Education, according to Li, dominated her early life in China, where fierce completion was (and still is) the norm. But according to Li (and some revealing studies about the downside of tiger moms) competition Chinese-style may not be all it’s cracked up to be. It’s an educational system that champions memorization over creative thinking and outward success (your rank measured against everyone else’s) over real learning. Student successes – and failures – are put on open display in China, and the student who excels may be the one who masters the system well enough to avoid routine public shaming. Li recounts how she, and many other students, resorted to cheating to stay ahead. Clearly, Li didn’t cheat her way to American success. But, that may be in part because she discovered, during her time at Middlebury, the importance of independent thinking, the courage to question the norms, and a widespread belief in universal ethics; the very foundations, by the way, that have always been the pride of American university education.
China is far from a credible threat to American business and its economy for a good many reasons. American companies invest in, among other things, human capital. In contrast, China has yet to develop an imaginative and innovative work force, a free independent media, and social mobility based on the individual desire to excel rather than one driven by class, ethnicity and family background.
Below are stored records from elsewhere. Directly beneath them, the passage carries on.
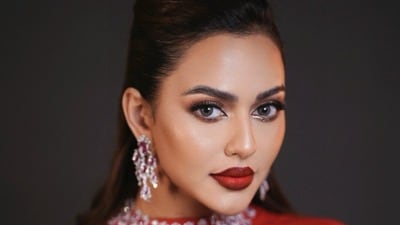 ফের এবার বাংলায় নুসরত ফারিয়া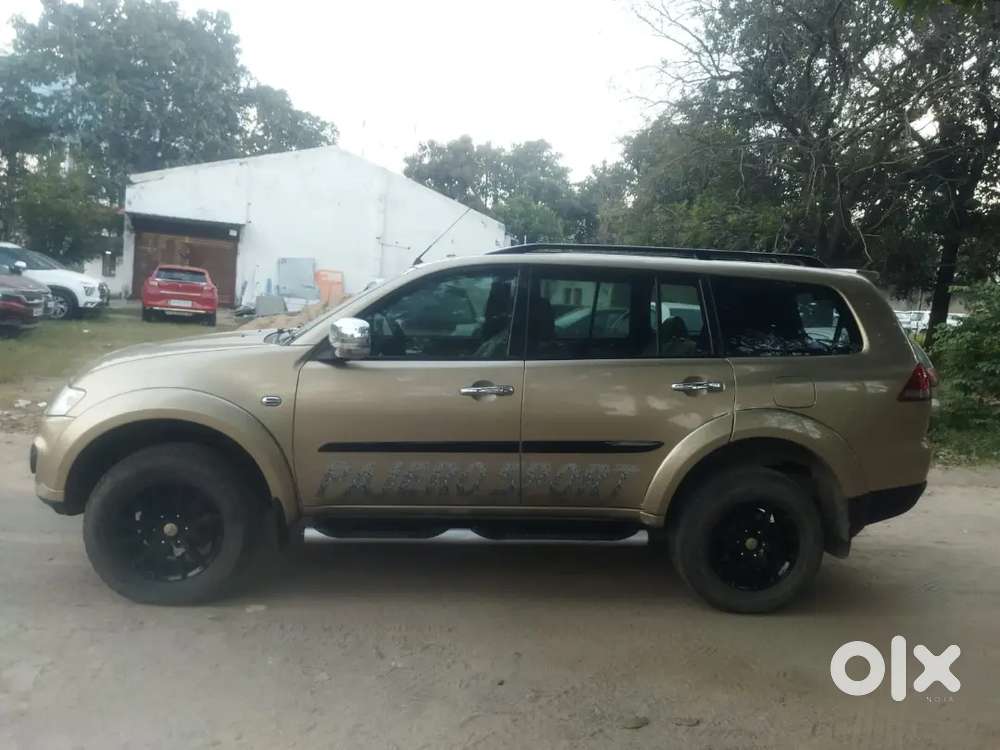 Mitsubishi Pajero Sport 2016
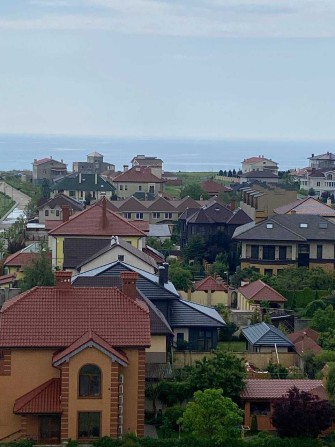 Участок в элитном поселке Совиньон, застроенная улица, ликвидная цена! - фото 1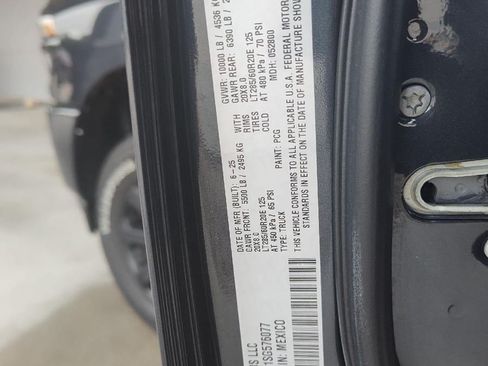Used 2025 RAM 2500 Big Horn AWD/4WD image 18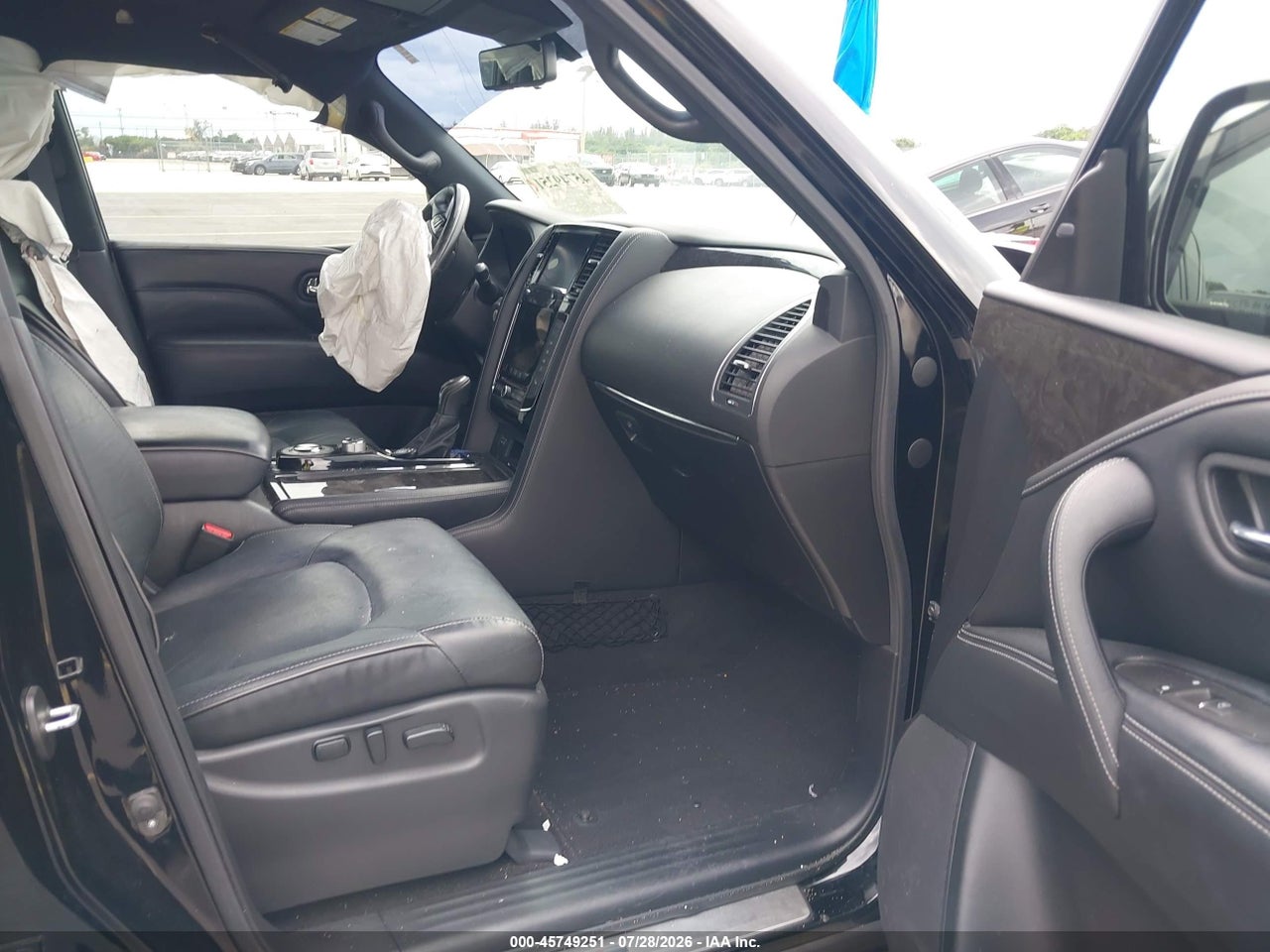 2020 INFINITI QX80 LUXE · 5/11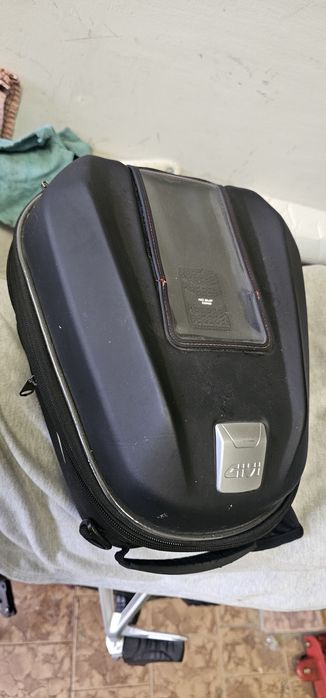 Чанта за резервоар Givi.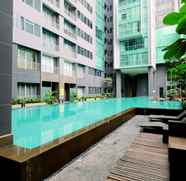 Lobby 4 1BR Kuningan Place Apartment near Mega Kuningan Bussines Center By Travelio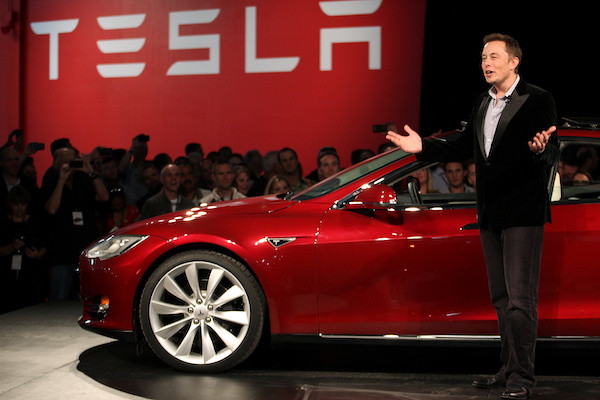 Tesla luôn đứng trong top các ưu tiên của người dùng khi muốn mua xe điện.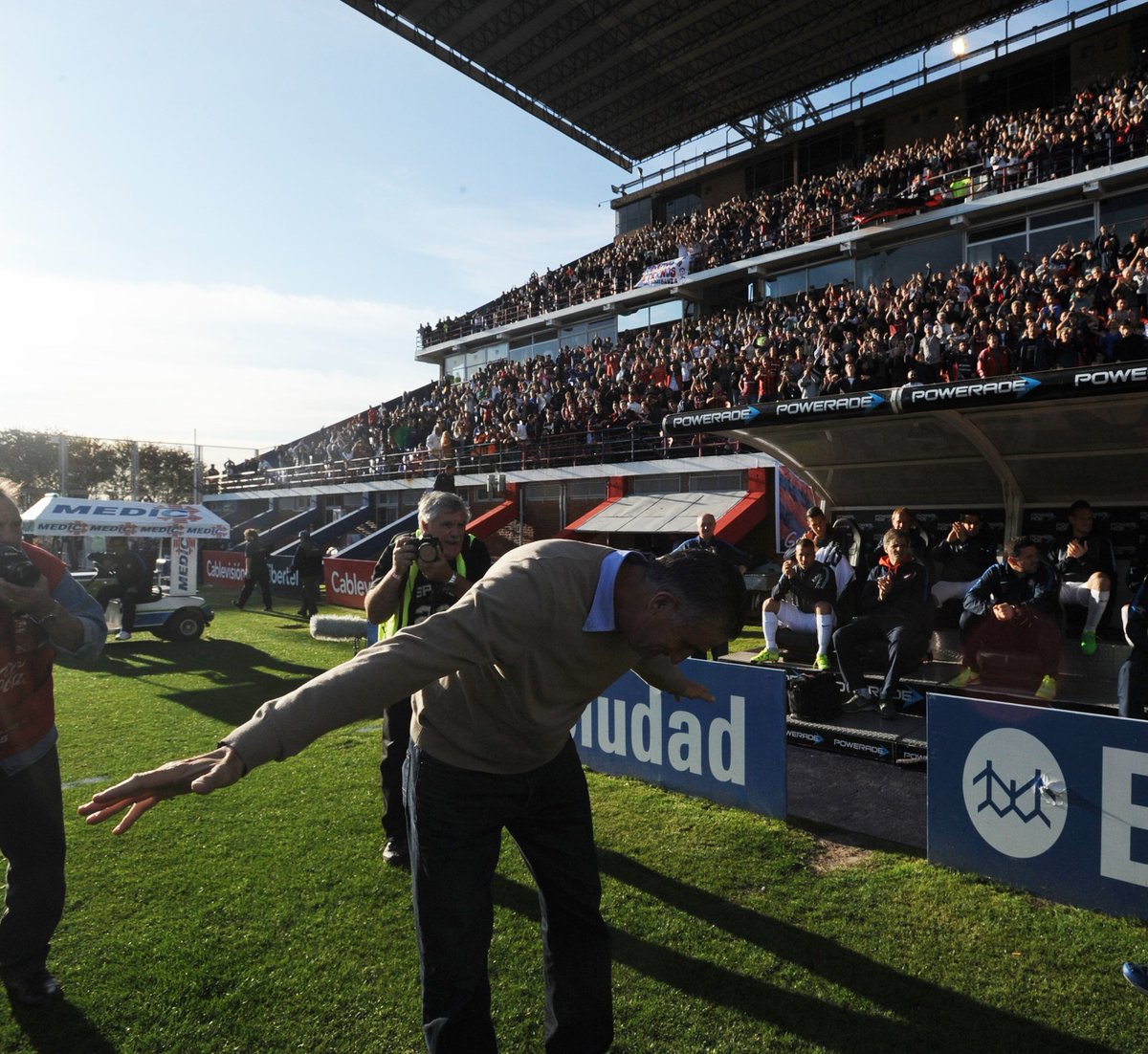 SanLorenzo's tweet photo. 🔙 Un día como hoy, hace 8 años, Edgardo Bauza dirigía su último partido en el Pedro Bidegain. 

Gracias por tanto, CAMPEÓN DE AMÉRICA.

La gloria siempre será tuya. https://t.co/eOTPFukBVz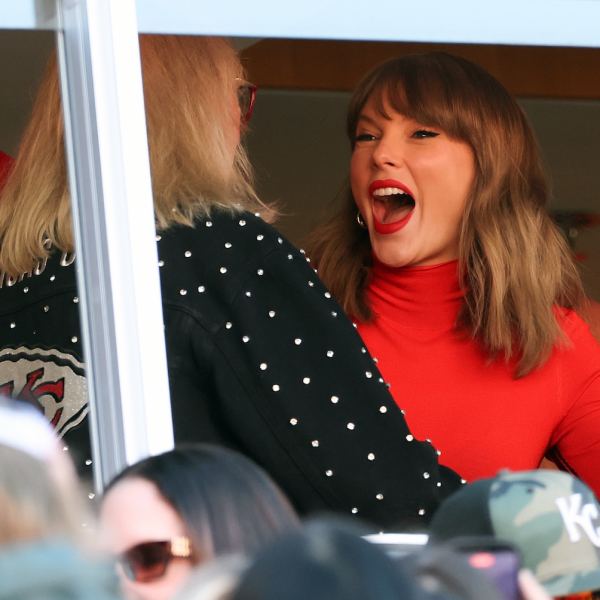 GettyImages-2300862777.jpg taylor swift donna kelce 2026.jpg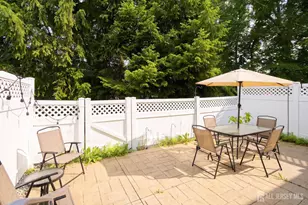 10 Burr Ct, Plainsboro Township, NJ 08536 - Photo 17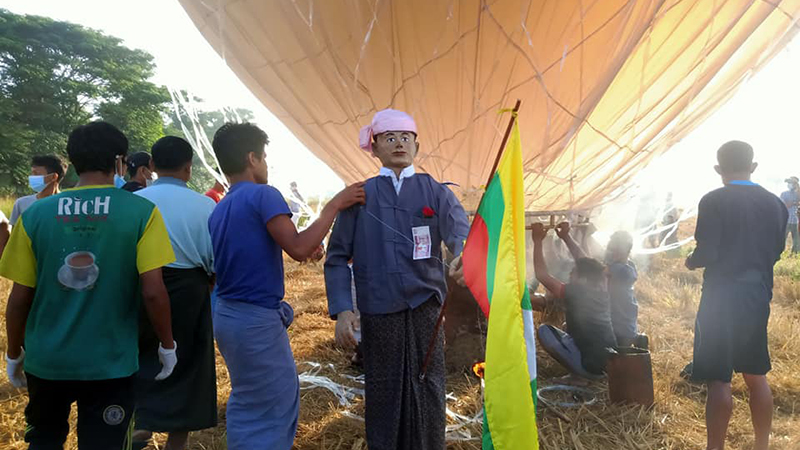 မီးပုံးပျံ ဦးကျော်ရင်ကို ဂုဏ်ပြုသည့်အနေဖြင့် ပုံတူပန်းချီရုပ်တုတို့ ချိတ်ဆွဲပြီး မီးပုံးပျံလွှတ်‌တင် (ဓာတ်ပုံ)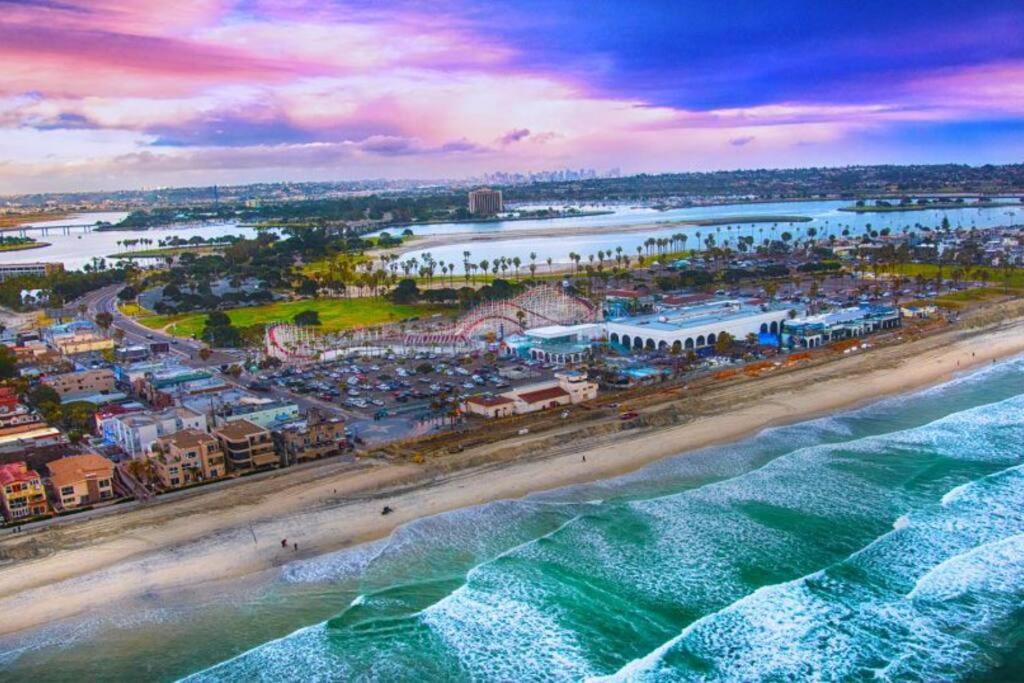 Ocean Front, Steps Mission Beach, Bay, Remodeled, Mission Jamaica Flat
Unless the quality of China’s citizenry and society matches its government-led infrastructure buildup, Li maintains, China won’t be taking over anytime soon.
Li suggests that America’s relative youth, compared to many other countries in the world, along with its number one ranking in terms of its economy, military strength, and global influence makes it “consistently cocky but also insecure about falling behind.” Kind of like the kid who’s good at sports AND academics and lords it over everyone else but is secretly terrified that someone else is better.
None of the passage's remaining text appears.